→ **What is being asked**: Give back exactly the lines from the beginning of the listing below to the line holding "Rainbow Obsidian Heart", both ends included; the pictures stay out.
[[ Material shown, beginning ]]
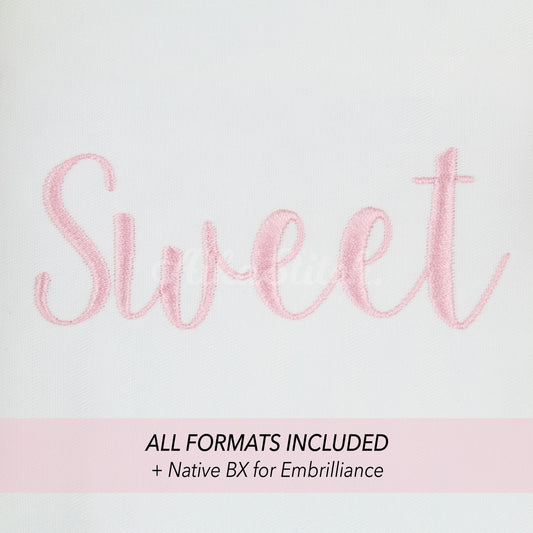 Sweet Native BX Embroidery Font - Satin Stitch Alphabet (6 Sizes)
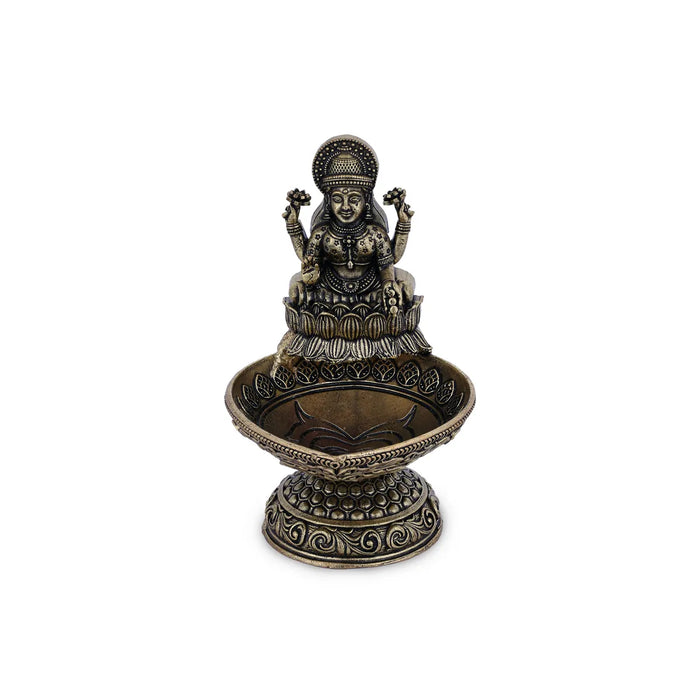 Lakshmi with Deepam- 3.5 x 2.25 Inches | Antique Brass Vilakku / Oil Lamp / Diya For Home & Pooja - Deity Lamps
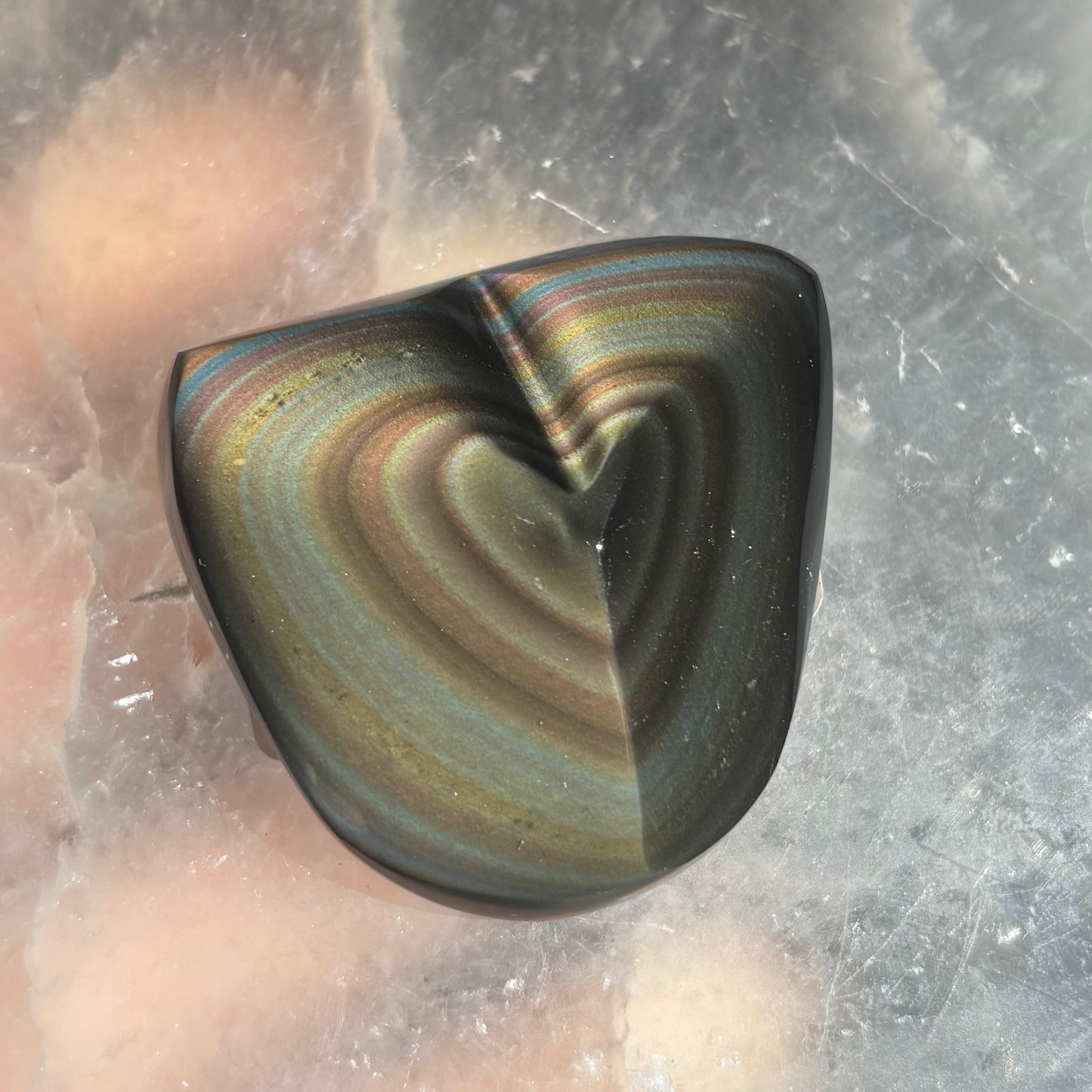 Rainbow Obsidian Heart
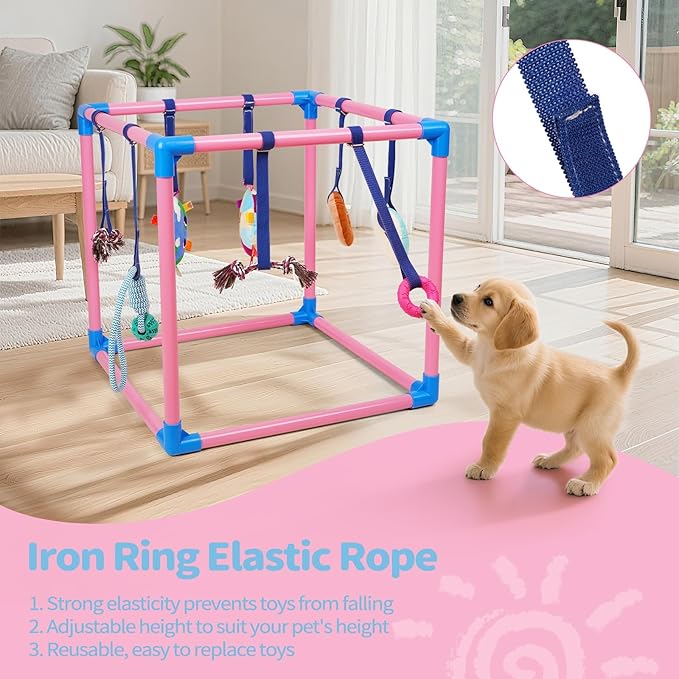 Liitrton Puppy Play Gym - Small Dogs Play Gym with 8 Hanging Toys, Indoor Puppy Jungle Gym with Interactive Dog Enrichment Toys, 19.5"x19.5"x19.5" PVC Frame (Pink)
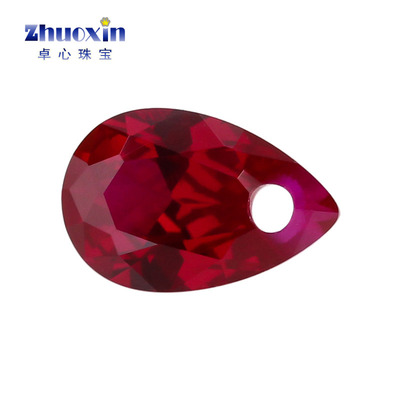 梨形8#红刚玉鸽血红单孔裸石 合成培育红宝石Ruby带孔水滴形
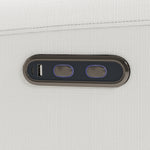 Sorrento ivory basketweave power recliner close up of power buttons and usb ports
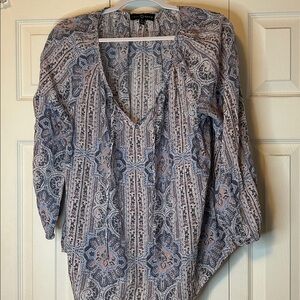 Fred David Blue and Pink Paisley Blouse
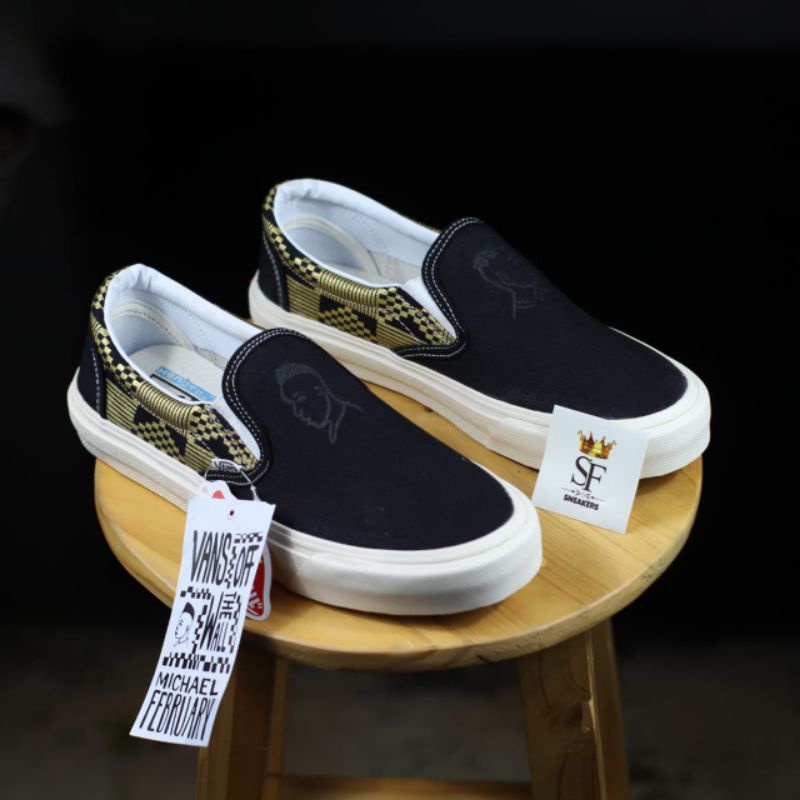 Sepatu Vans Slip On Michael February Black Gold Grade ORIGINAL Pria Wanita Best Seller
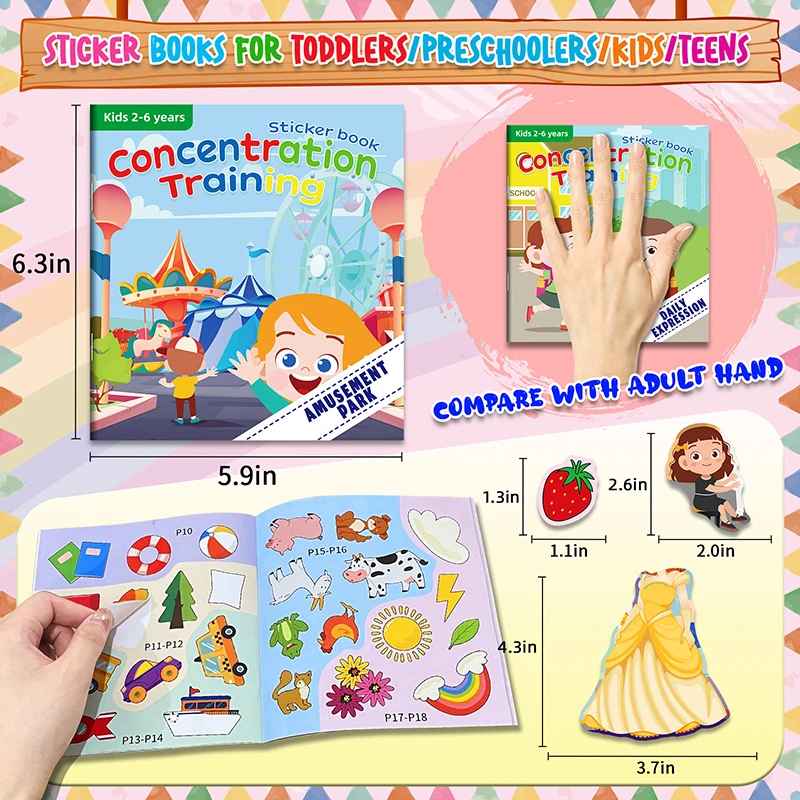10 Set Reusable Kids Stickers Books Toys Novel DIY Sticker Matching Game Montessori Focus Learning Educational Toys For Children 6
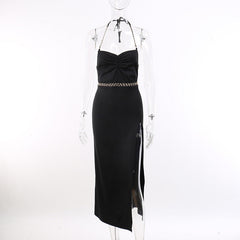 Aiertu - Solid Color Back Slit Dress Aiertu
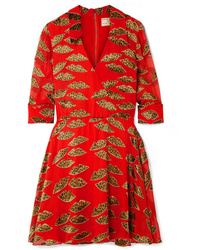 Robe drapée en chiffon imprimée léopard rouge Alice + Olivia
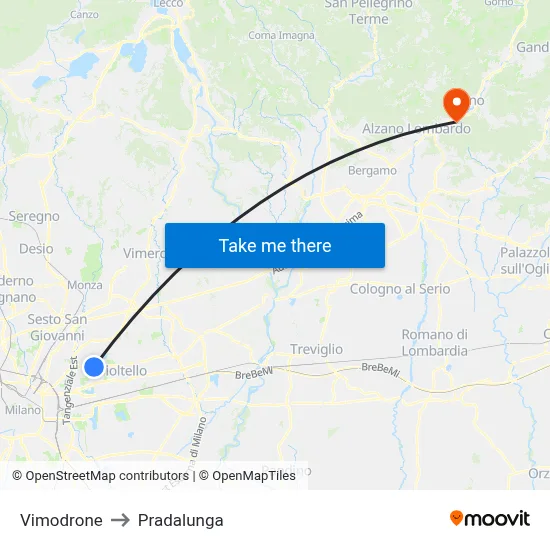 Vimodrone to Pradalunga map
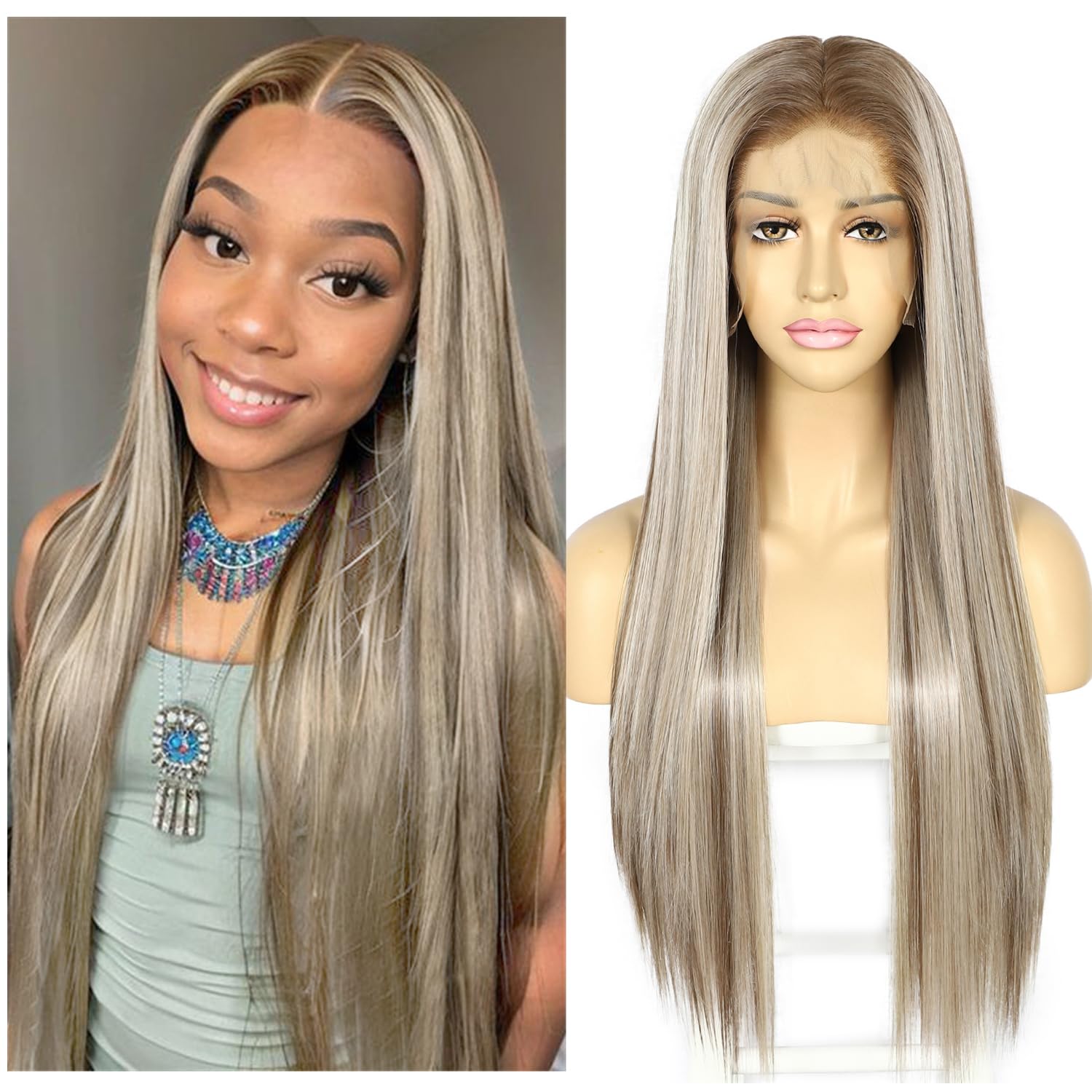 Sapphirewigs Blonde Straight Lace Front Wigs 13x6 Highlight Long Straight Wig for Women Lace Front Synthetic Hair 150% Density Party Daily Wear Heat Resistant 26inch — image 1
[[ Material shown, end ]]
→ **Solution to the exercise**:
 Sweet Native BX Embroidery Font - Satin Stitch Alphabet (6 Sizes)
 Lakshmi with Deepam- 3.5 x 2.25 Inches | Antique Brass Vilakku / Oil Lamp / Diya For Home & Pooja - Deity Lamps
 Rainbow Obsidian Heart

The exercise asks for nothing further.